Exact copies of all the lines below are needed, without the pictures.
********
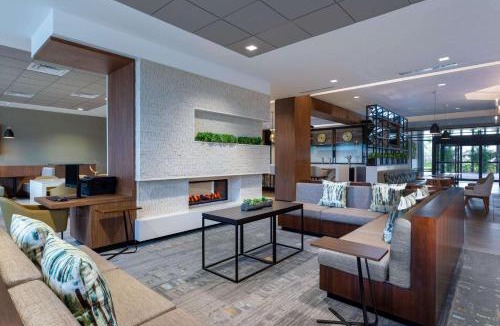 Florida Center Hotel | Wyndham Garden Orlando Universal/I Drive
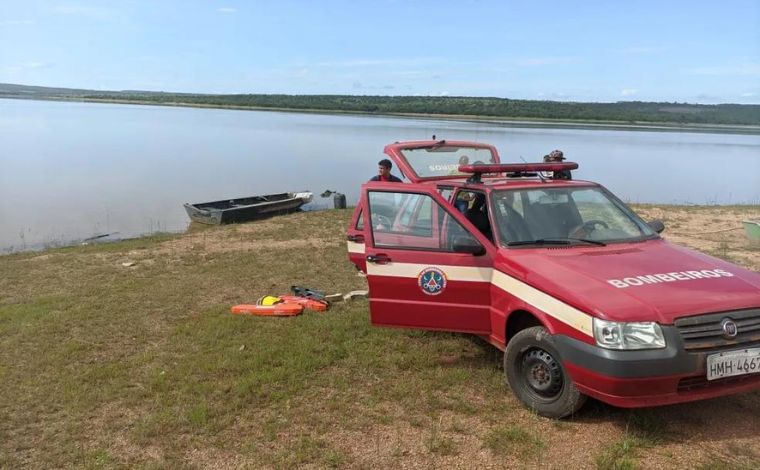 Bombeiros encontram corpo de pescador que desapareceu na represa de Três Marias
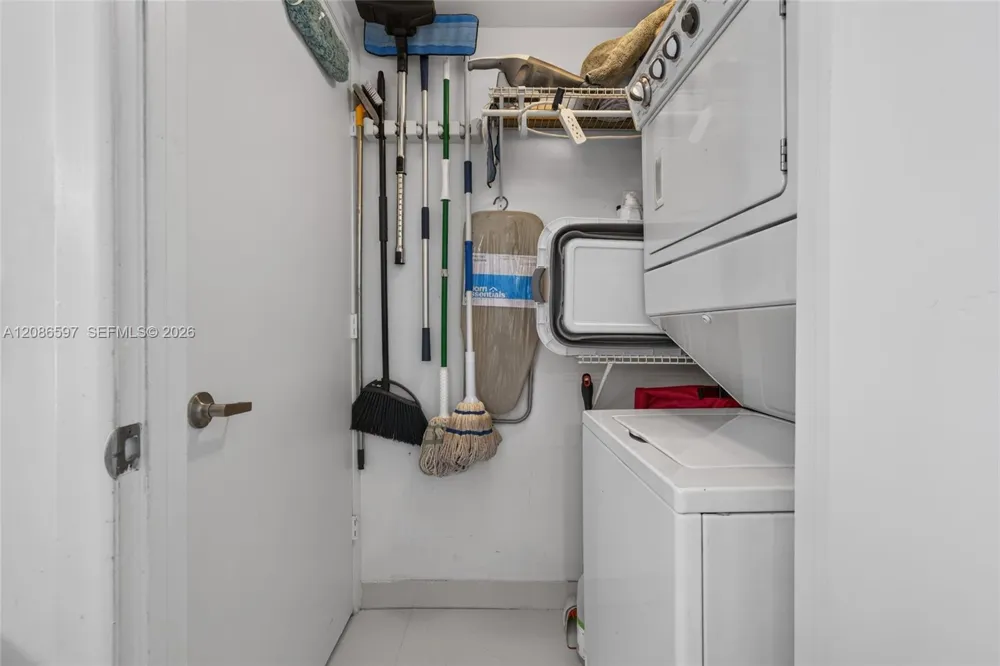 475 Brickell Ave #4613 Miami, FL 33131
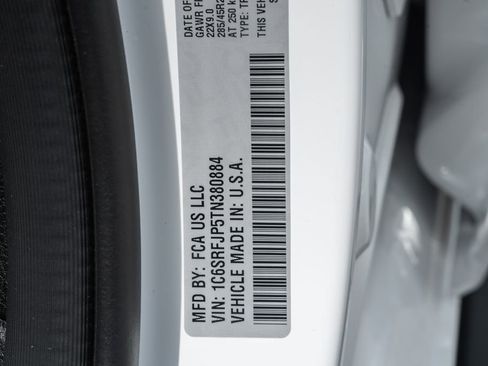 New 2026 RAM 1500 Laramie AWD/4WD image 45
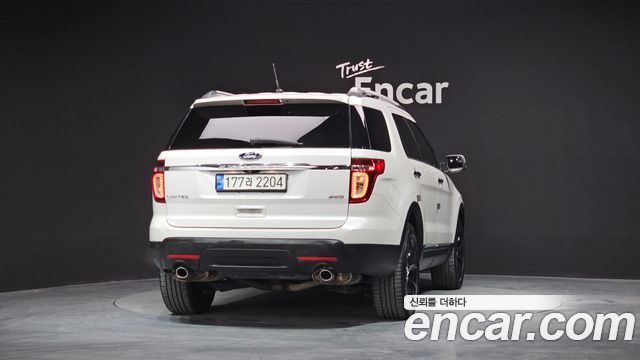 Ford Explorer 2015 — photo 4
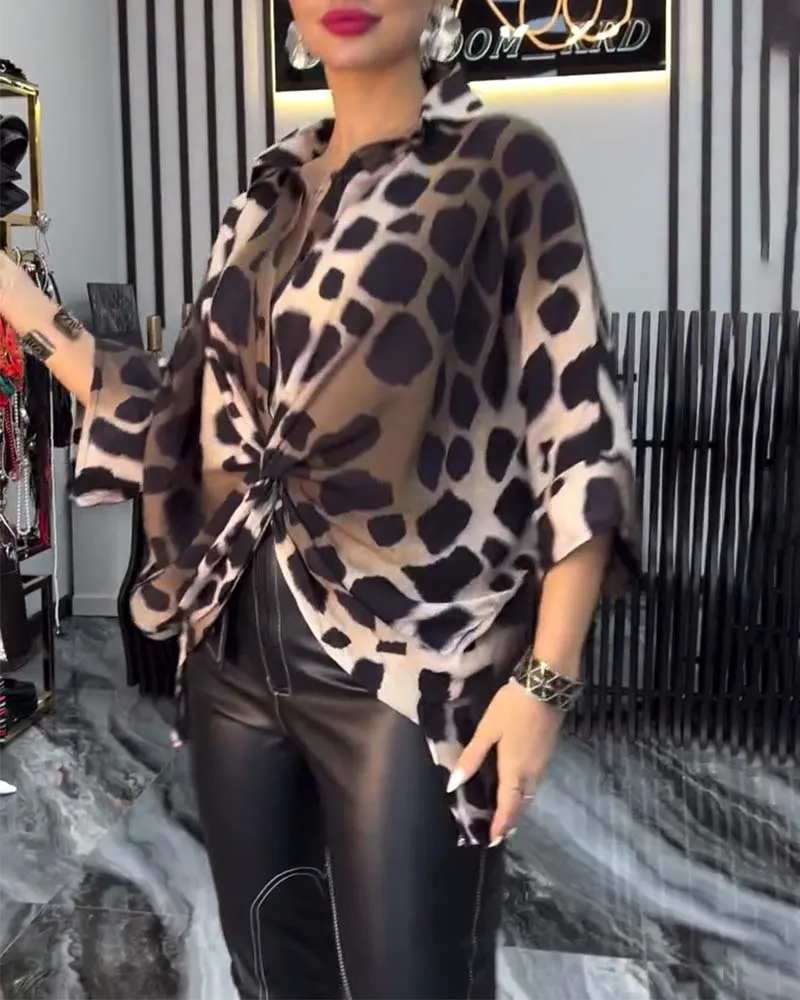 Phoebe® | Elegant leopard print blouse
********
Solution for this exercise -
 Florida Center Hotel | Wyndham Garden Orlando Universal/I Drive
 Bombeiros encontram corpo de pescador que desapareceu na represa de Três Marias
 475 Brickell Ave #4613 Miami, FL 33131
 New 2026 RAM 1500 Laramie AWD/4WD image 45
 Ford Explorer 2015 — photo 4
 Phoebe® | Elegant leopard print blouse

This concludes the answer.